Dhaka, 27 February 2007: Speakers here today underscored the need for adopting a comprehensive inland water transport strategy to contribute to poverty reduction and economic growth in the country.

“The total transport demand in Bangladesh has grown at about 7 per cent a year; however, inland water transport passenger traffic has decreased by approximately 1.3 per cent a year. Bangladesh’s economy will benefit immensely if the Government now develops a coherent vision for the development of the inland water transport sector by turning constraints into opportunities”, Mr. Zhu Xian, World Bank Country Director said during a workshop on Revival of Inland Water Transport: Options and Strategies’ here today.

Jointly organized by Bangladesh Inland Water Transport Authority and the World Bank, the workshop was chaired by BIWTA Chairman Mr. Sunil Kanti Bose. Mr. Sheikh Enaytullah, Secretary, Ministry of Shipping, was Chief Guest at the occasion.

Citing references to the Government’s Integrated Multi-modal Transport Policy, National Water Policy and National Water Management Plan, the speakers pointed out that this is an opportune time to develop an efficient, safe and cheap IWT system in Bangladesh.

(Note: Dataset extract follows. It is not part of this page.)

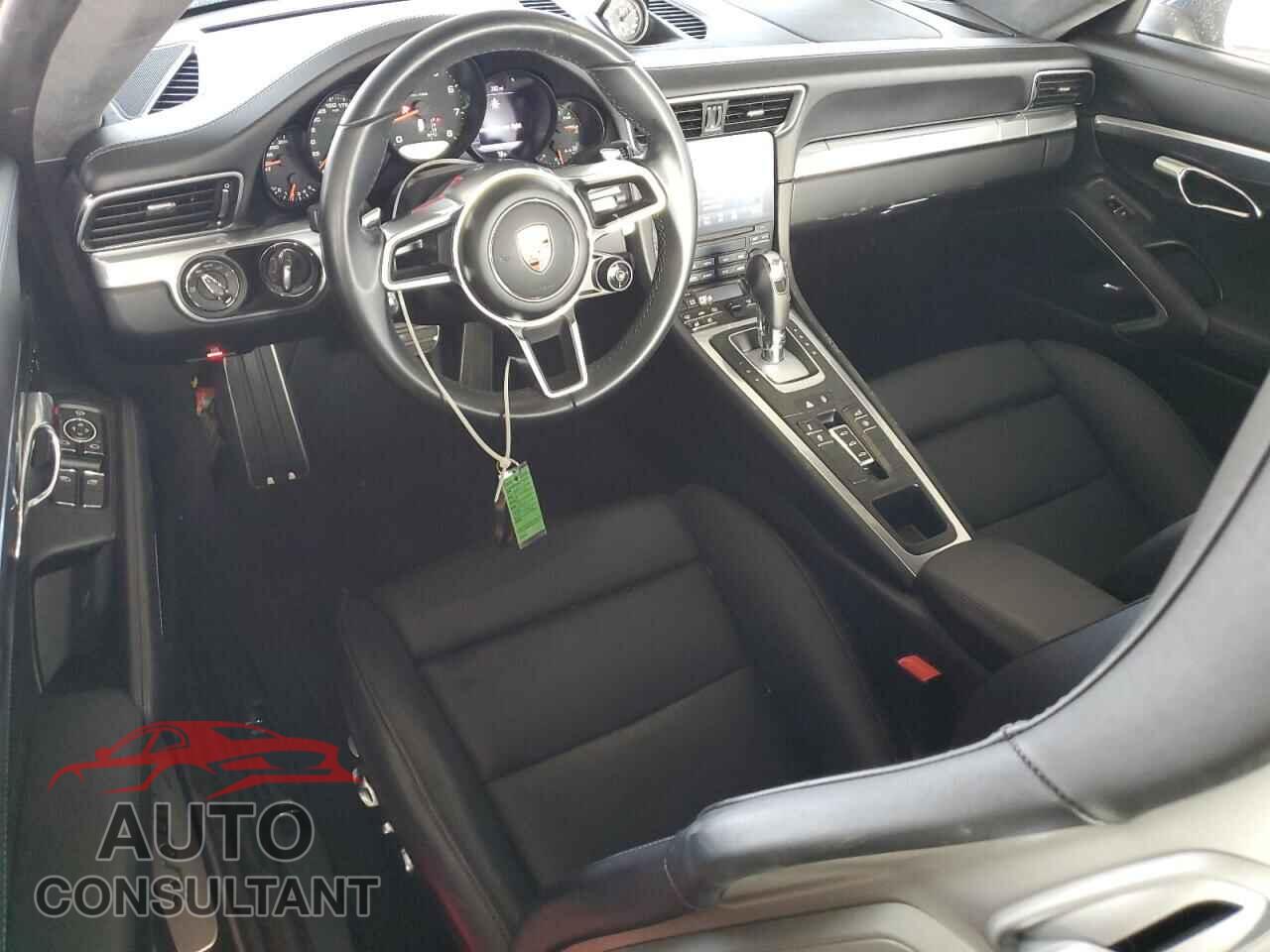 PORSCHE 911 2017 - WP0AA2A98HS107484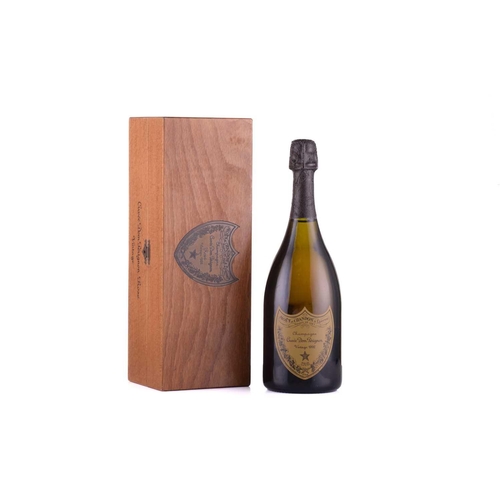 24 - A bottle of 1992 Cuvée Dom Perignon Champagne, in an associated 1986 'Rosé' Dom Perignon wooden box.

A quarter of households in Bangladesh have access to country’s 24,000 kilometre-long river transport network. IWT is still a cheaper mode of transport with a tariff around Taka 600 per ton, compared to Taka 1,200 for rail and Tk. 6,000 for road. On the other hand, the country boat sector employs an estimated 3.8 million workers. Based on the statistics for the last two decades, the ratio of accident fatalities per billion of passenger-km is 158 for roads and 41 for IWT, that is, road has almost four times higher fatality rate than inland water transport. The use of environment-friendly IWT instead of road transport is estimated to save about 60 million litres of diesel, and reduce emission of 150,000 tons of carbon dioxide per year in Bangladesh.

During the technical sessions, international experiences in IWT were shared by speakers from India and Vietnam. Several experts noted that water management system will govern the future of IWT, while issues like sustainable management, institutional responsibilities and coordination, and the enhanced role of the private sector also came up during the discussions. Governance issues to improve revenue collection, port management and service delivery were also highlighted at the workshop.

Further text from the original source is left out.